The cellular architecture of the developing brain under physiological conditions has been widely studied over the years using rodent models (Götz and Huttner, 2005), human fetal brains (Polioudakis et al., 2019), and, more recently, in vitro three-dimensional models of the primate and human developing brain (Rehbach et al., 2020). These studies provide extensive understanding of the cell biology of the mammalian brain as it develops. Unfortunately, studies on the functional connections underlying communication between regions in the developing human brain, the “functional connectome,” have been few and underpowered (Jakab, 2019). Gaining a deeper understanding of normal circuit development within the human fetal brain is important for detecting early functional alterations caused by prenatal adverse environments and the fetal genetic architecture that can lead to pathology later in life.

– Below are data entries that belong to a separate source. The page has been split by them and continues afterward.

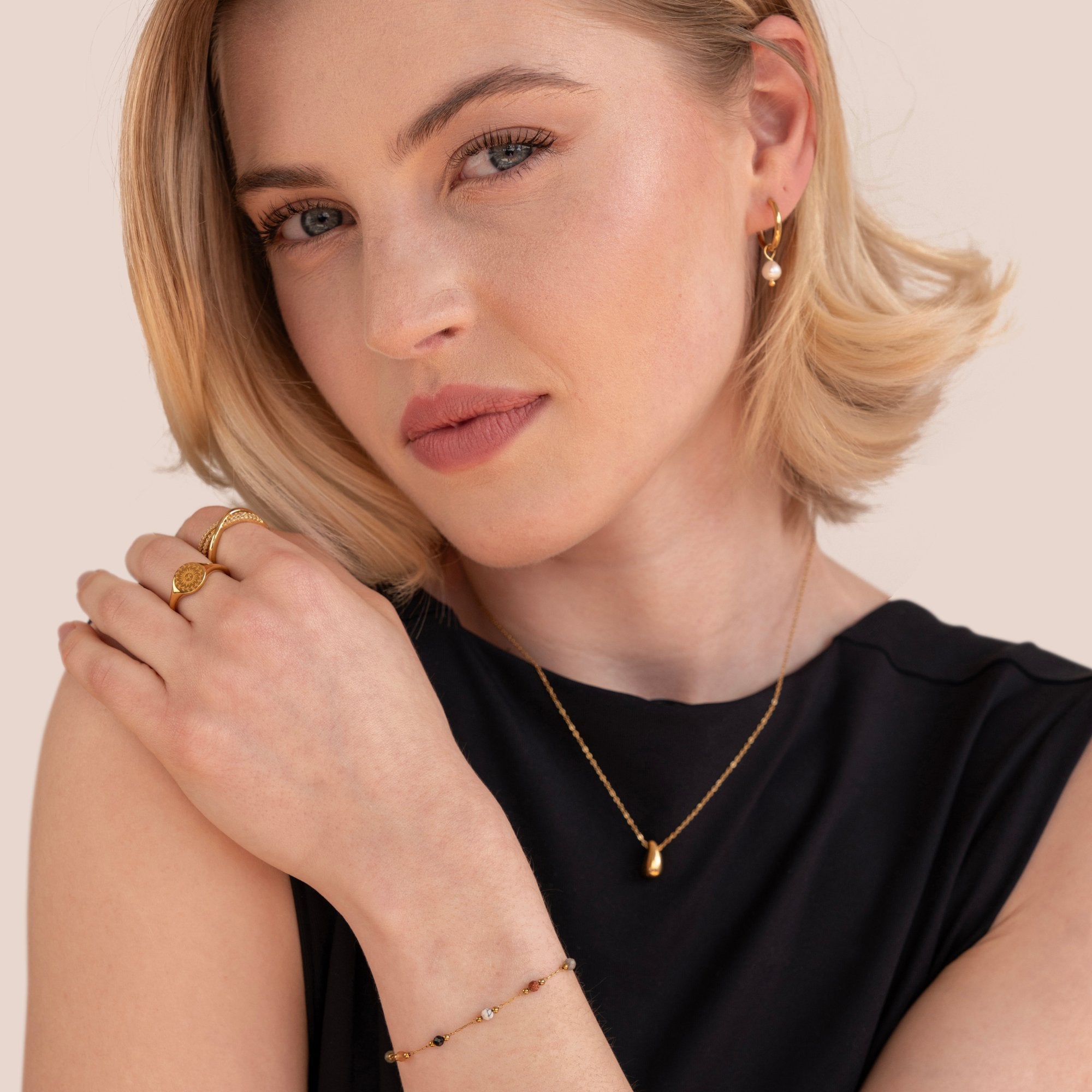 Elegante zilveren steinarmband met verfijnde details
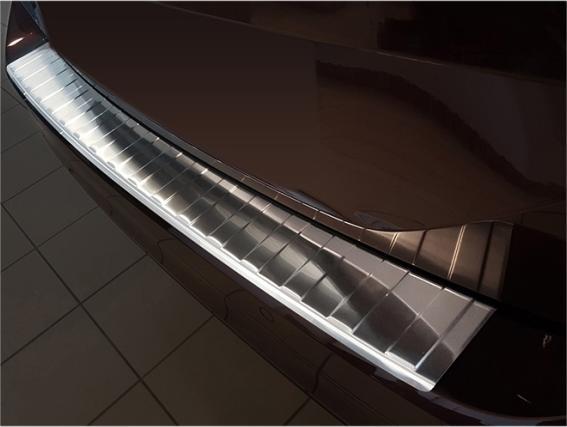 Actual product image ProPlus Stainless steel bumper protection for VW Passat Variant from 2014 until today (Rear, Portrait format)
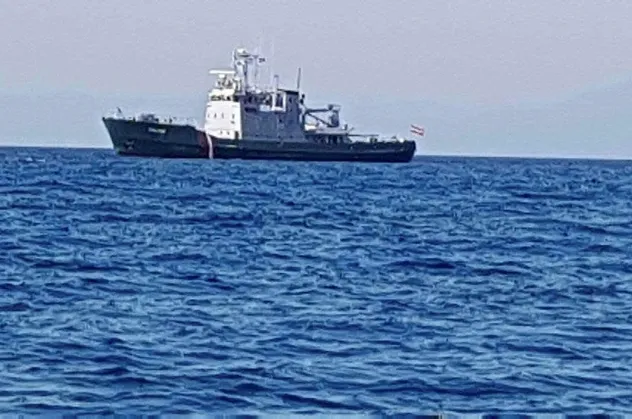 Yunan gemisi Kuşadası Körfezi’nde görüntülendi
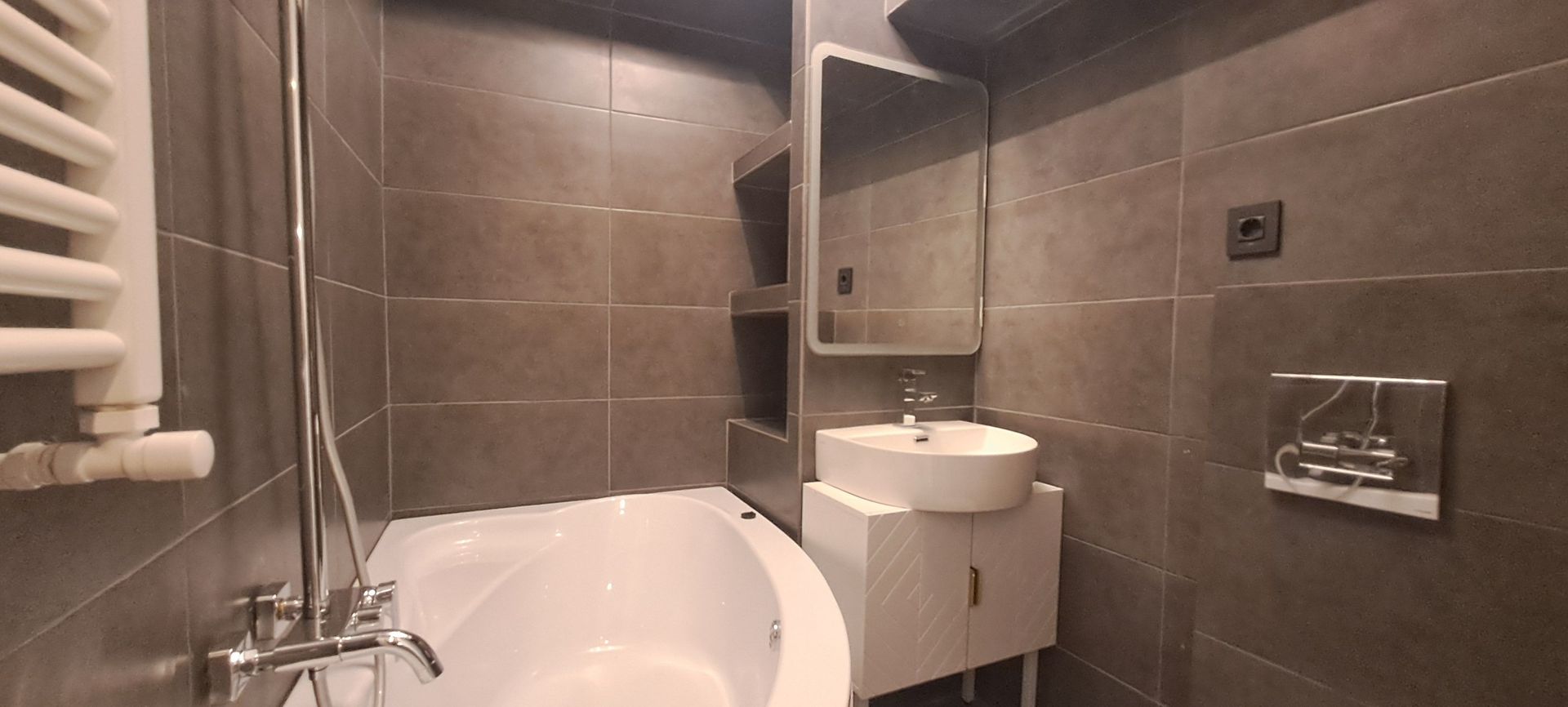 3 camere | Modern | Prima utilizare | Parcare - Poză 7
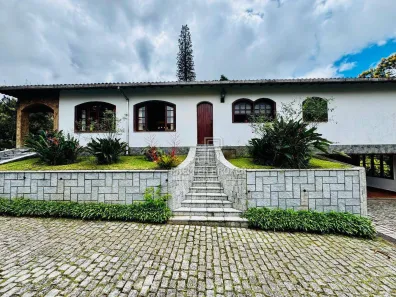 Casa de Condomínio com 4 Quartos à venda, 511m² no Carlos Guinle, Teresópolis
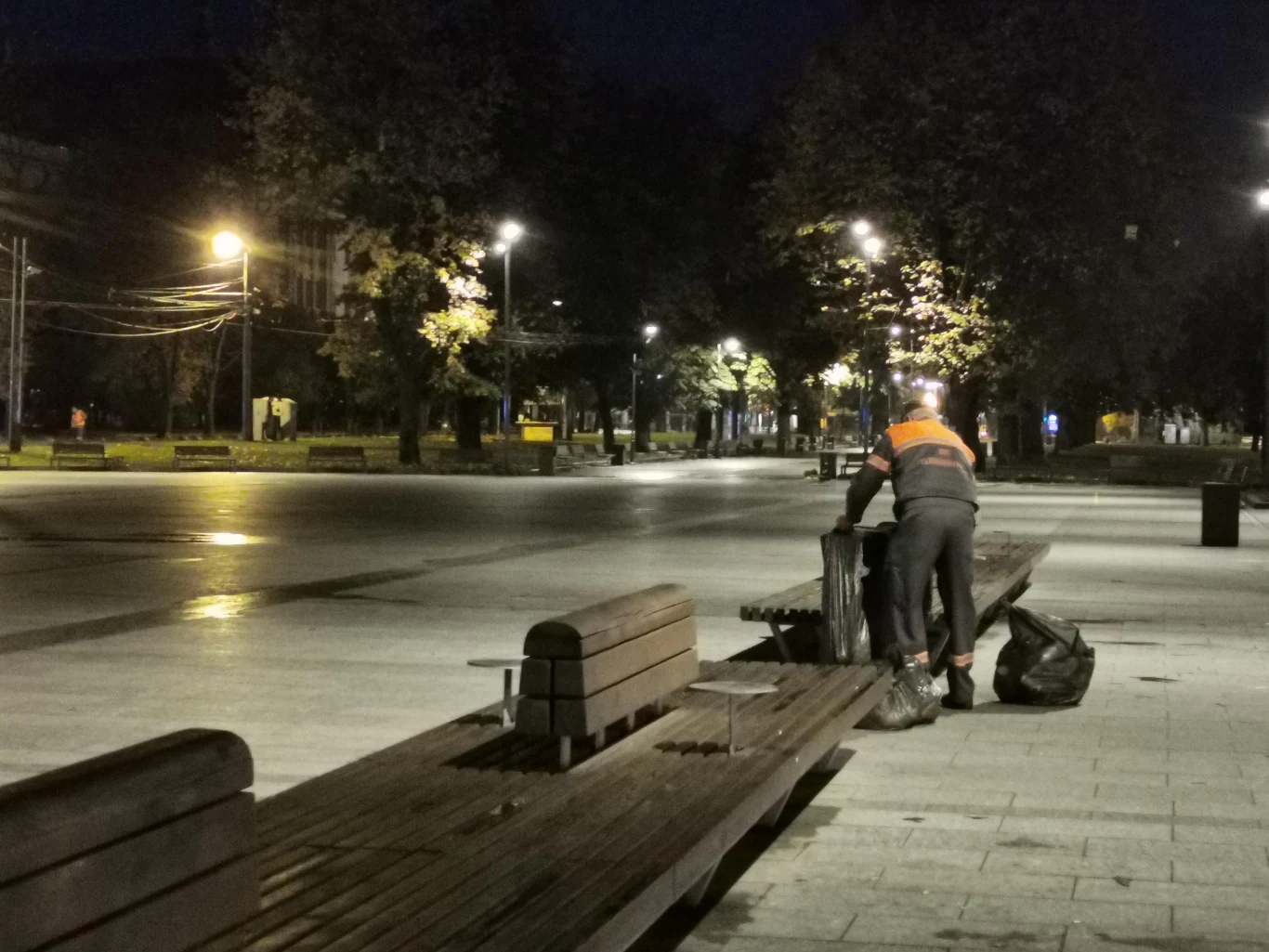 Aleja Swobody wieczorem. Puste miasto, marzec 2022 r.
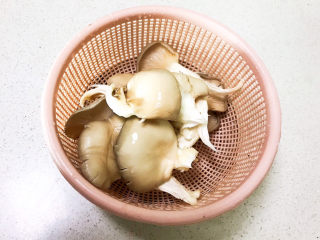 孜然蘑菇,把平菇掰开，清洗干净，沥干水份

In one of the largest fetal functional connectome studies to date, using resting-state functional magnetic resonance imaging (fMRI) data from 105 pregnant women [gestational weeks (GW) 20.6–39.6], Turk et al. (2019) applied graph theory analysis to describe functional brain dynamics during the late second to third trimester of pregnancy, aiming to understand the degree of maturity of the fetal functional connectome (Turk et al., 2019). The authors took two approaches to normalize fMRI data and thus allow statistical analyses across all samples spanning 19 gestational weeks. The first was to normalize to a single, median-aged infant brain template, and the second was to perform age-specific normalization to the nearest gestational week (Gholipour et al., 2017). A detailed network analysis showed that starting from GW 20, fetal brain regions are interconnected in a network that displays high modularity. With the group mean normalization, they identified the following four functional modules: occipital and parietal visuosomatosensory, midline prefrontal-temporal-insular, temporal, and an extensive lateral and midline frontal module. The age-specific approach revealed two additional modules, with the visual and somatosensory modules divided. It also highlighted the midline regions as the most strongly interconnected of the fetal brain.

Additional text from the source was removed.